----- INFORMATION PROVIDED -----

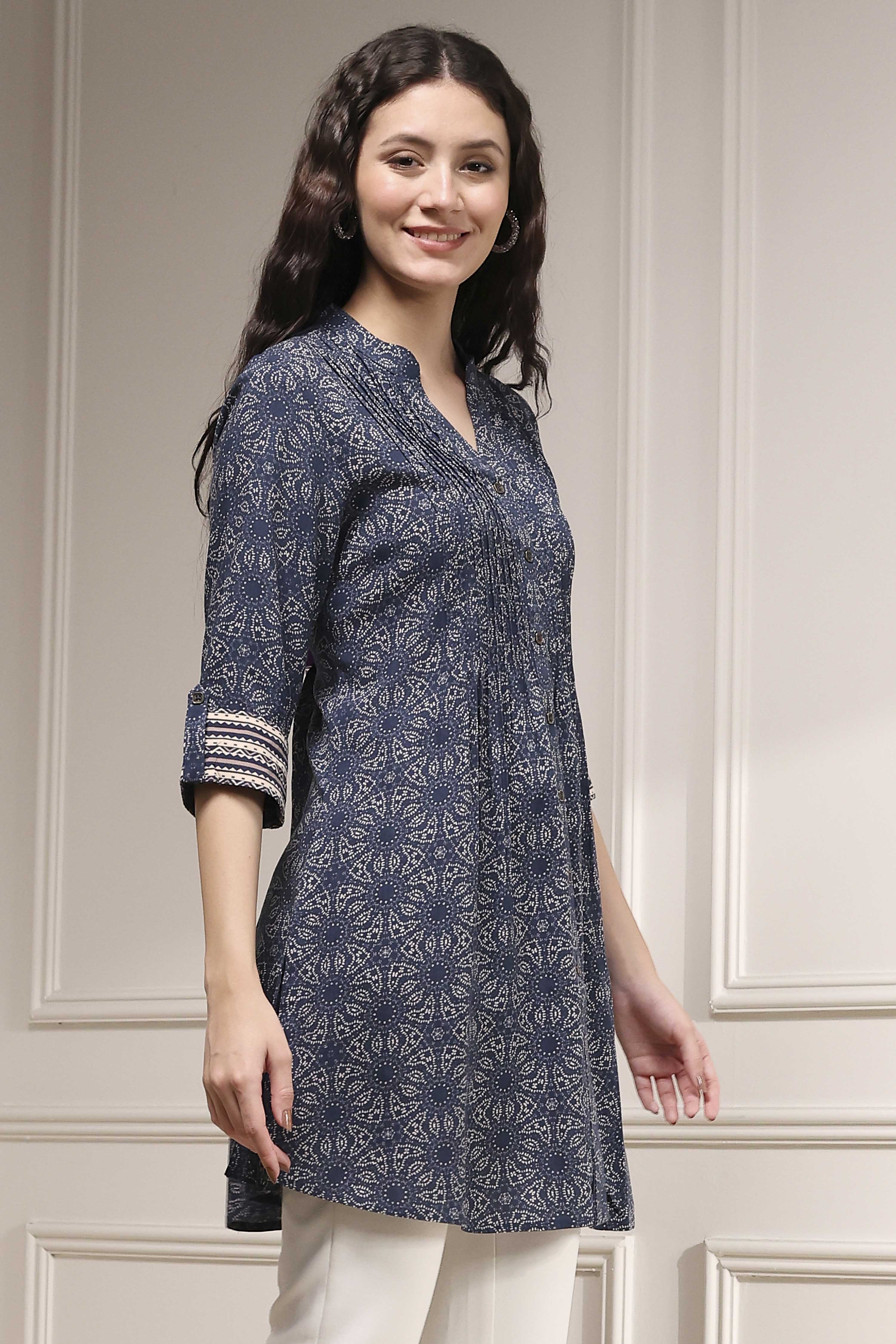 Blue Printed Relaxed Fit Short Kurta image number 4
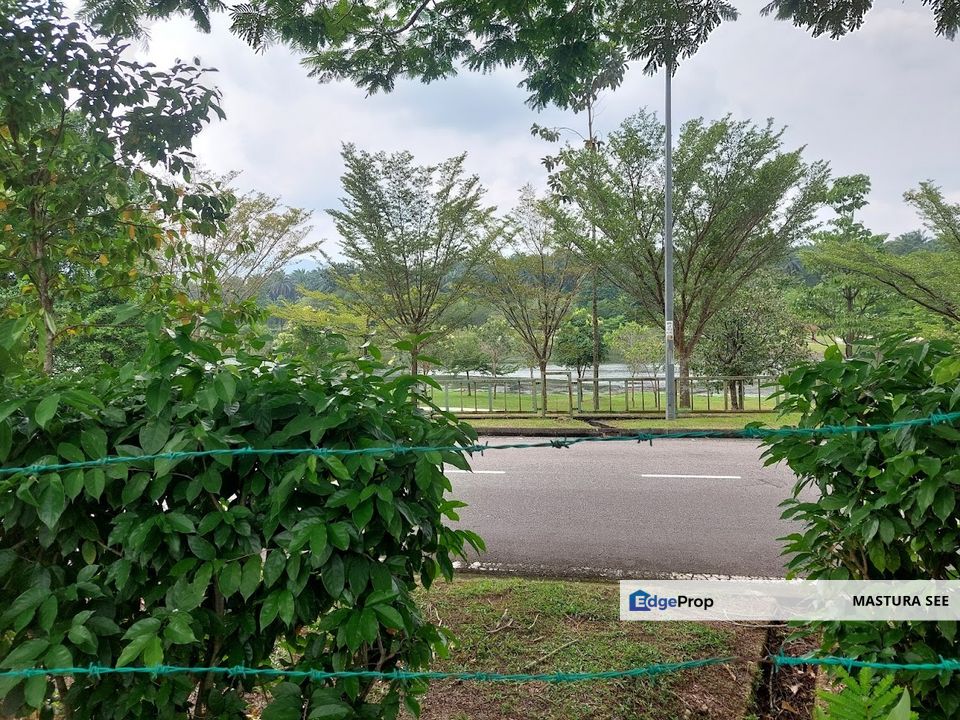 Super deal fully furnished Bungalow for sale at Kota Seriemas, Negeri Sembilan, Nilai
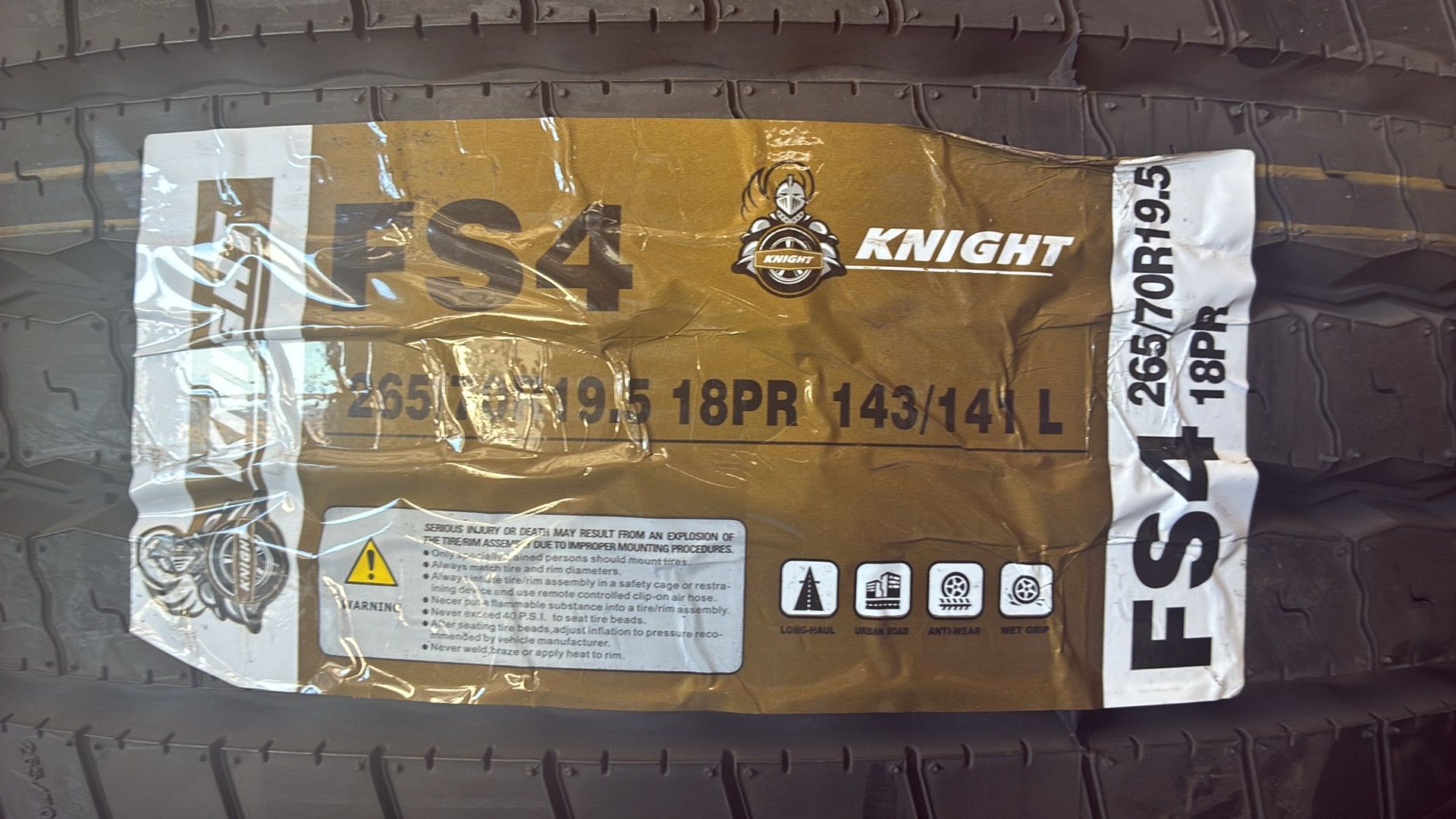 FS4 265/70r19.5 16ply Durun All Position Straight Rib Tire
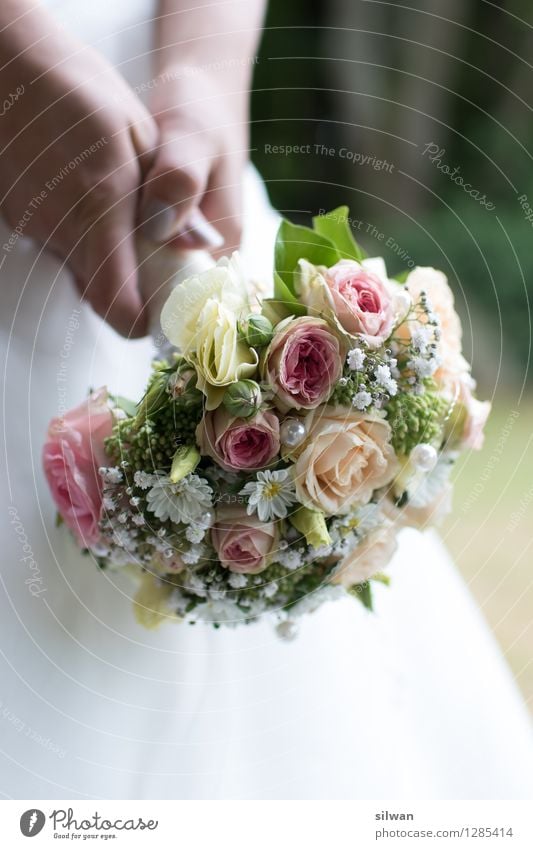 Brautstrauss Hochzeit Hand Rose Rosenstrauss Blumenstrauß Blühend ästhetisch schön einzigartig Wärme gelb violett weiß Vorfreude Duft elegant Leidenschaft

-----

> **ACTIVITY**:
Every line above gets copied exactly; none of the pictures do.

> **EXERCISE SOLUTION**:
 Blue Printed Relaxed Fit Short Kurta image number 4
 Super deal fully furnished Bungalow for sale at Kota Seriemas, Negeri Sembilan, Nilai
 FS4 265/70r19.5 16ply Durun All Position Straight Rib Tire
 Brautstrauss Hochzeit Hand Rose Rosenstrauss Blumenstrauß Blühend ästhetisch schön einzigartig Wärme gelb violett weiß Vorfreude Duft elegant Leidenschaft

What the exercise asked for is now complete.